INPUT DATA
-=-=-=-=-

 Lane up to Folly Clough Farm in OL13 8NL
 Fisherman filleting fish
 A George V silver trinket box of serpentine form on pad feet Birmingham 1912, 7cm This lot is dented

-=-=-=-=-

WHAT TO PRODUCE
Line for line, set down the listing above again.

EXPECTED ANSWER
 Lane up to Folly Clough Farm in OL13 8NL
 Fisherman filleting fish
 A George V silver trinket box of serpentine form on pad feet Birmingham 1912, 7cm This lot is dented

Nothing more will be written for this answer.